### Problem description
Exactly reproduce the lines of the listing below from the one containing "What is a Web-to-Print?" through the one containing "Academic Language in". Skip the images.

### Supplied information
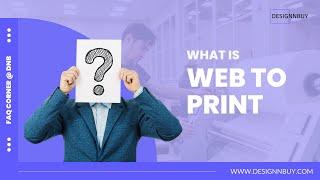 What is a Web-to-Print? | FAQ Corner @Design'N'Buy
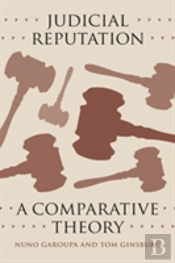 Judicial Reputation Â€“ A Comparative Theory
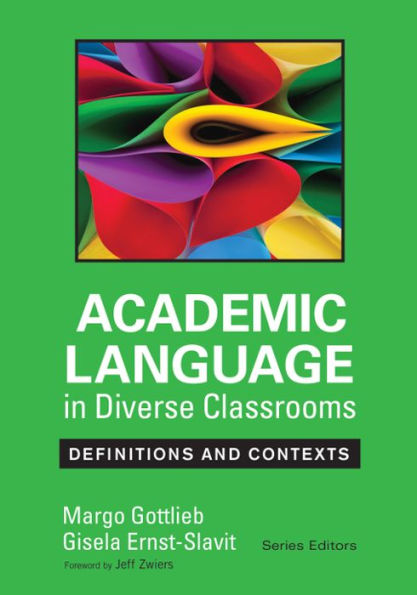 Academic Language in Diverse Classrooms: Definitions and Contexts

---

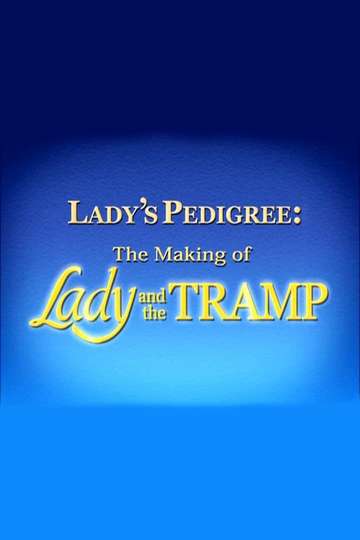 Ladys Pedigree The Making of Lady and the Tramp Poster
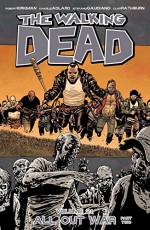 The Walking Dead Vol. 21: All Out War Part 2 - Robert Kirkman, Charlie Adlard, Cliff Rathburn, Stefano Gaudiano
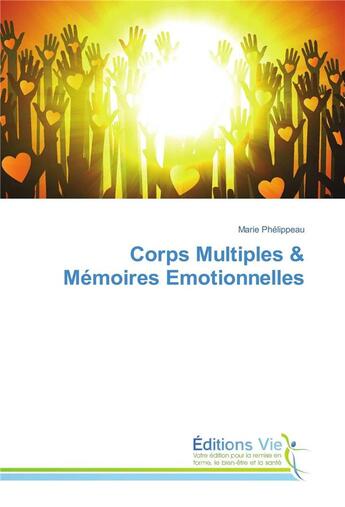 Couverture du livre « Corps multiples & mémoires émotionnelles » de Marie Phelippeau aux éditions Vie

---

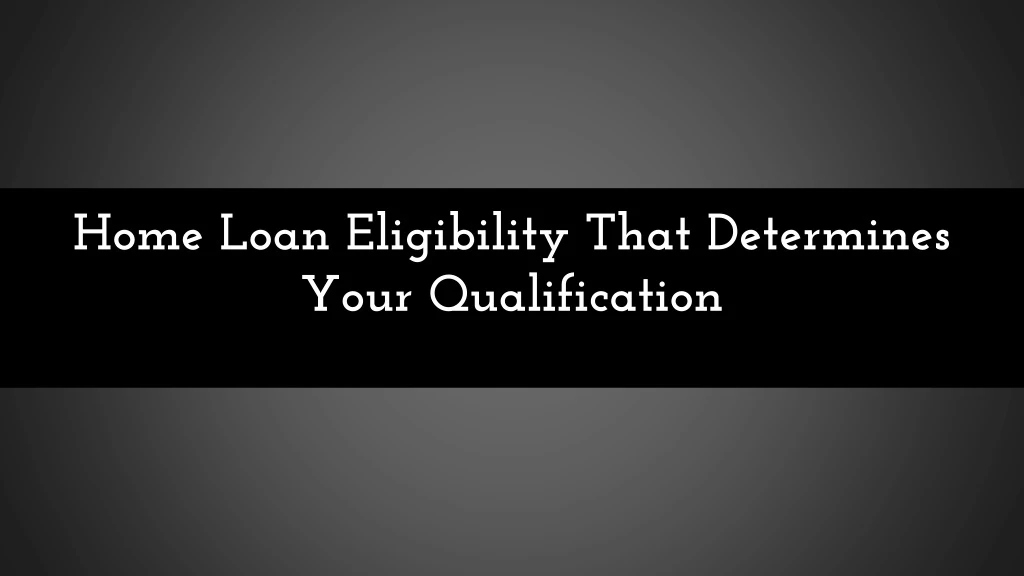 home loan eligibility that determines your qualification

### Reply
 What is a Web-to-Print? | FAQ Corner @Design'N'Buy
 Judicial Reputation Â€“ A Comparative Theory
 Academic Language in Diverse Classrooms: Definitions and Contexts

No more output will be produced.